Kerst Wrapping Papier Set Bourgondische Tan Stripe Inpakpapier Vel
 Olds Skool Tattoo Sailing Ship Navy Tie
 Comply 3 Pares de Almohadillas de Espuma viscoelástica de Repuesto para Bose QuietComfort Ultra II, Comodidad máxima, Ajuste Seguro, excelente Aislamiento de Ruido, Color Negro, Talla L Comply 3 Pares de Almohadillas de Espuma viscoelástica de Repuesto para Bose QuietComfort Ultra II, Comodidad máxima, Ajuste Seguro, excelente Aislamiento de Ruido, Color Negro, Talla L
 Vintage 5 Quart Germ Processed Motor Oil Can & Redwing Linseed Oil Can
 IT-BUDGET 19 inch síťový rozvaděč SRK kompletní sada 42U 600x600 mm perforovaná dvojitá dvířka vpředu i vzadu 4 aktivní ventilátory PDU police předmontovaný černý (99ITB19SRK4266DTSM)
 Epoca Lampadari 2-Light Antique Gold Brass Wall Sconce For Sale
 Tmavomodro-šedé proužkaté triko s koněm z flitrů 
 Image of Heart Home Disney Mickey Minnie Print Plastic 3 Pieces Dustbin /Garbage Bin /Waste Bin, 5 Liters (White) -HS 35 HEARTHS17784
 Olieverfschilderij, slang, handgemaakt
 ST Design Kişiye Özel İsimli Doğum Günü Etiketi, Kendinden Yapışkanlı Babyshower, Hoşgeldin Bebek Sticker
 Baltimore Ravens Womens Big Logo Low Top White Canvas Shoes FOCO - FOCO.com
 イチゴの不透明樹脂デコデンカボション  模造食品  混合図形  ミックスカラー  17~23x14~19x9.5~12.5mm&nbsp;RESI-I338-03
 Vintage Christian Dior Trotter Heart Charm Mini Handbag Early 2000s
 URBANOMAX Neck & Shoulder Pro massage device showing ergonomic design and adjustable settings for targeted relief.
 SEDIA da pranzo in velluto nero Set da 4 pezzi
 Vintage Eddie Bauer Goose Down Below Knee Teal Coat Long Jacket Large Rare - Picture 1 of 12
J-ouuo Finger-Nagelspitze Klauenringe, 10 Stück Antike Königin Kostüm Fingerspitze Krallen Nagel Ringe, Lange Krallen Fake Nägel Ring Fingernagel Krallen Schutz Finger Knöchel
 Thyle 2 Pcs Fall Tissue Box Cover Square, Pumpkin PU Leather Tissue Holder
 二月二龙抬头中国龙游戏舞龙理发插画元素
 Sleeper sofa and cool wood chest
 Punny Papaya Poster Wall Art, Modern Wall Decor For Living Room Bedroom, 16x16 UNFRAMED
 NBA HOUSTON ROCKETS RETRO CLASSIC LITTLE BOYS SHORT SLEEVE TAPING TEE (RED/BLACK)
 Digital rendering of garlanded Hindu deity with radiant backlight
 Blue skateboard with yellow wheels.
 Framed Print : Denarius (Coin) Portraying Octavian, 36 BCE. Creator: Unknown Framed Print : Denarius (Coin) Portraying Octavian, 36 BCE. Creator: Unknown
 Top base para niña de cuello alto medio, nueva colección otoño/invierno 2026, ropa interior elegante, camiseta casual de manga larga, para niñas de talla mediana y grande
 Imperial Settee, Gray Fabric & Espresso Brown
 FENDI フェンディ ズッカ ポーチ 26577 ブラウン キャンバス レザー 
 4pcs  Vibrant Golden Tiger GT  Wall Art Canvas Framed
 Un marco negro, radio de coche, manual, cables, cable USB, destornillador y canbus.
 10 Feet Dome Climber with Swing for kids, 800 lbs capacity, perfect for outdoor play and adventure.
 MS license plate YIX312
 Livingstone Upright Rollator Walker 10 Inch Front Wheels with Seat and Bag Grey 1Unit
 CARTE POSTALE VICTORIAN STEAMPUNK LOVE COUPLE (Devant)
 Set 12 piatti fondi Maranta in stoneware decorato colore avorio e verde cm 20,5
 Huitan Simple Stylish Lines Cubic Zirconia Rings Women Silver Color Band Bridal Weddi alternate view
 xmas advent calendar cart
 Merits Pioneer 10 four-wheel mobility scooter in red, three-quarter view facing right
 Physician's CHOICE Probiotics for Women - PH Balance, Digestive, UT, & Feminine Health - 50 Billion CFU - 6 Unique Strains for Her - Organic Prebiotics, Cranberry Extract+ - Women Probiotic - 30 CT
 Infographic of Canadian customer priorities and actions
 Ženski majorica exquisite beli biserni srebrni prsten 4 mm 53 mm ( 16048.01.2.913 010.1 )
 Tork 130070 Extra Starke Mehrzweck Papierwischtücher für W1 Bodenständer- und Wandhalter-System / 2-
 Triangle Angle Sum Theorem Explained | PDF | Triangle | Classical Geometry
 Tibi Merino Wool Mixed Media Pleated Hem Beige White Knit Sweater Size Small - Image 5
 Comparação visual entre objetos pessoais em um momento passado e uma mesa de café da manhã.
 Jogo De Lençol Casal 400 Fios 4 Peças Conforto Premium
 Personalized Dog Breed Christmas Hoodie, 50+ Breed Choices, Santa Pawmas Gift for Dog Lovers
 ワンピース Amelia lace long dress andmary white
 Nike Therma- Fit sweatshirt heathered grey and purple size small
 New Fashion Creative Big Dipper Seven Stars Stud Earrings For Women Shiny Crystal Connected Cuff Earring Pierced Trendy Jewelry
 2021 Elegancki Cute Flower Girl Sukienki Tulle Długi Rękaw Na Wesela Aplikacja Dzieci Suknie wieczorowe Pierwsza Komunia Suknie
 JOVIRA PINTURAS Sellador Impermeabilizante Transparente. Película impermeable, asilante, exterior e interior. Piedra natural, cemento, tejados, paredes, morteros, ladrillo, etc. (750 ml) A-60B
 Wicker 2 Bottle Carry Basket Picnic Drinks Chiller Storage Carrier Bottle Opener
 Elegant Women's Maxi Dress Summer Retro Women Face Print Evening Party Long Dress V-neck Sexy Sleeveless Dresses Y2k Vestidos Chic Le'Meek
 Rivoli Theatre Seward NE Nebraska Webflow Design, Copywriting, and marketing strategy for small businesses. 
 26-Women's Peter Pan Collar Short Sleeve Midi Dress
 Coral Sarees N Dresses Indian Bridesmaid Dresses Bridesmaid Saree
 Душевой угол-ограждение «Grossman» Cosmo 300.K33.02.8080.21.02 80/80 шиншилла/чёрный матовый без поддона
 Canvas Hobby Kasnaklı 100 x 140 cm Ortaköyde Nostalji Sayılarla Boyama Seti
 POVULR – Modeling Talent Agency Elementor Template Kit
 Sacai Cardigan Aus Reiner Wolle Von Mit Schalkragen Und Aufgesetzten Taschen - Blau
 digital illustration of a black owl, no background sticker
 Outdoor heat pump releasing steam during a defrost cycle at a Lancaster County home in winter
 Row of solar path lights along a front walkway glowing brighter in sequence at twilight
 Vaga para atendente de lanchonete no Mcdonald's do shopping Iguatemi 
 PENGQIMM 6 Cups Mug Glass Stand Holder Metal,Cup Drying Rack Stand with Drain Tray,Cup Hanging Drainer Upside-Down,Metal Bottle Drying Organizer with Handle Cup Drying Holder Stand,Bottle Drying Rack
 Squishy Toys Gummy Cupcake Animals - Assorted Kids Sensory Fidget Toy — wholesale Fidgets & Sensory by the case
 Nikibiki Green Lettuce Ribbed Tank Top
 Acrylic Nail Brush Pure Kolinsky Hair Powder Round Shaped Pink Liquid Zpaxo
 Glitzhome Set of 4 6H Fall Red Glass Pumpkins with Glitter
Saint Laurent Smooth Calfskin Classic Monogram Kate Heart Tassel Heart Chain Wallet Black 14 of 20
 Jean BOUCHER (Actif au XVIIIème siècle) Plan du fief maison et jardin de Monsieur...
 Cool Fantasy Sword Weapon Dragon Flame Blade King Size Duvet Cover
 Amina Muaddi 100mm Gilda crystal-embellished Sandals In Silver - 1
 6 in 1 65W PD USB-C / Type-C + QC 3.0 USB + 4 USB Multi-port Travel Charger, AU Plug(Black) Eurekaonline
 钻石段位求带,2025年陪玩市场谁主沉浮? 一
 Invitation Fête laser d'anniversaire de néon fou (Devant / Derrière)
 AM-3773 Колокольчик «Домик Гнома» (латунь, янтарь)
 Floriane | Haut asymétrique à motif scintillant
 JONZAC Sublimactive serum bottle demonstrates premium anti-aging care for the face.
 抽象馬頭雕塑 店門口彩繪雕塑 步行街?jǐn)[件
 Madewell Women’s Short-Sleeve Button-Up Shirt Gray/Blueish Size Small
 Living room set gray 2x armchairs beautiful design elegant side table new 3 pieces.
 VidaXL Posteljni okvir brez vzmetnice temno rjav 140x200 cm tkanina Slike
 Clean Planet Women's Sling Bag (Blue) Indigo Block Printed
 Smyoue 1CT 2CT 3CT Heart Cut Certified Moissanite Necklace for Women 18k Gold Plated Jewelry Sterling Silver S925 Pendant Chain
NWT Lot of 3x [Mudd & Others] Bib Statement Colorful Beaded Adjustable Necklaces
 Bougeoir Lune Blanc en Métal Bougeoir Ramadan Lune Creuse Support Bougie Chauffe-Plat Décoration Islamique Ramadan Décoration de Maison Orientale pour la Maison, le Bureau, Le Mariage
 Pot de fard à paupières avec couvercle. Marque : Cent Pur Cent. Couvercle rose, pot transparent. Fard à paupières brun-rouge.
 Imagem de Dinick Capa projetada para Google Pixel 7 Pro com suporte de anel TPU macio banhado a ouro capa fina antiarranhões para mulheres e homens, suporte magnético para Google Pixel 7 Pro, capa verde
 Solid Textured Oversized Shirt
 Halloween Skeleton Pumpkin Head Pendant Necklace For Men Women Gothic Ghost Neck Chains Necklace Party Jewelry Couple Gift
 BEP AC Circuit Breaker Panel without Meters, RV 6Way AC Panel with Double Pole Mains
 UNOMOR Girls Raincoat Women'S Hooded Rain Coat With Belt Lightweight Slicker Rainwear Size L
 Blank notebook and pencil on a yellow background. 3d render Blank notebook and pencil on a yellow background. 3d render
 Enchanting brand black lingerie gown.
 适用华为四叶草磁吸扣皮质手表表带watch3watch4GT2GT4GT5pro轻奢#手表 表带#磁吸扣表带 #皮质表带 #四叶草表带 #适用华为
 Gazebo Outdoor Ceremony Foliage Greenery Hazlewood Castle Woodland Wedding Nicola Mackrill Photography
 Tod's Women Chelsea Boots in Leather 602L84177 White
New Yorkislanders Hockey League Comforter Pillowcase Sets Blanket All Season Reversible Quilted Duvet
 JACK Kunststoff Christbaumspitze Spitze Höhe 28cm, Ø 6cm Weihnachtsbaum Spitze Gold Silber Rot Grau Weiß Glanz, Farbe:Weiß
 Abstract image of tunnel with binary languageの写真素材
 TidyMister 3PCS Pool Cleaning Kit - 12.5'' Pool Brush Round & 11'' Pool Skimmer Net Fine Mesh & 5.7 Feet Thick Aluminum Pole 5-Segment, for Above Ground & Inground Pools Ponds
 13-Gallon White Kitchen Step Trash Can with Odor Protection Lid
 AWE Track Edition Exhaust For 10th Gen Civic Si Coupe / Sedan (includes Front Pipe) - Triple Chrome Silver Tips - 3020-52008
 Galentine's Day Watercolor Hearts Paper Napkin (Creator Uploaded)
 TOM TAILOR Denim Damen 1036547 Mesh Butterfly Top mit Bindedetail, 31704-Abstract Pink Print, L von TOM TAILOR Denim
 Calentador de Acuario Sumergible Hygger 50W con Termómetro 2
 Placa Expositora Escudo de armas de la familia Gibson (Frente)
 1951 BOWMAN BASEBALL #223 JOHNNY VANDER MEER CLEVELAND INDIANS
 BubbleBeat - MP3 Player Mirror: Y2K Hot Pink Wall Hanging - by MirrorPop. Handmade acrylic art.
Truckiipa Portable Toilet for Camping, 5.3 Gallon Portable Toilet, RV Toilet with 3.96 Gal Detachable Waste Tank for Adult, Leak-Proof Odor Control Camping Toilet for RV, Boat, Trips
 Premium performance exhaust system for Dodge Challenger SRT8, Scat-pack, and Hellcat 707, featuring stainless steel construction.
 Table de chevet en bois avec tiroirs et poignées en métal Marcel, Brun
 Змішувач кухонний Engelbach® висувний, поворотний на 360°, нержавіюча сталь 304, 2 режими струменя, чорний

**What is needed**. Using the data above, repeat exactly the lines that begin at the line with "Madewell Women’s Short-Sleeve" and end at the line with "Solid Textured Oversized Shirt", both ends included.

**Written solution**.
 Madewell Women’s Short-Sleeve Button-Up Shirt Gray/Blueish Size Small
 Living room set gray 2x armchairs beautiful design elegant side table new 3 pieces.
 VidaXL Posteljni okvir brez vzmetnice temno rjav 140x200 cm tkanina Slike
 Clean Planet Women's Sling Bag (Blue) Indigo Block Printed
 Smyoue 1CT 2CT 3CT Heart Cut Certified Moissanite Necklace for Women 18k Gold Plated Jewelry Sterling Silver S925 Pendant Chain
NWT Lot of 3x [Mudd & Others] Bib Statement Colorful Beaded Adjustable Necklaces
 Bougeoir Lune Blanc en Métal Bougeoir Ramadan Lune Creuse Support Bougie Chauffe-Plat Décoration Islamique Ramadan Décoration de Maison Orientale pour la Maison, le Bureau, Le Mariage
 Pot de fard à paupières avec couvercle. Marque : Cent Pur Cent. Couvercle rose, pot transparent. Fard à paupières brun-rouge.
 Imagem de Dinick Capa projetada para Google Pixel 7 Pro com suporte de anel TPU macio banhado a ouro capa fina antiarranhões para mulheres e homens, suporte magnético para Google Pixel 7 Pro, capa verde
 Solid Textured Oversized Shirt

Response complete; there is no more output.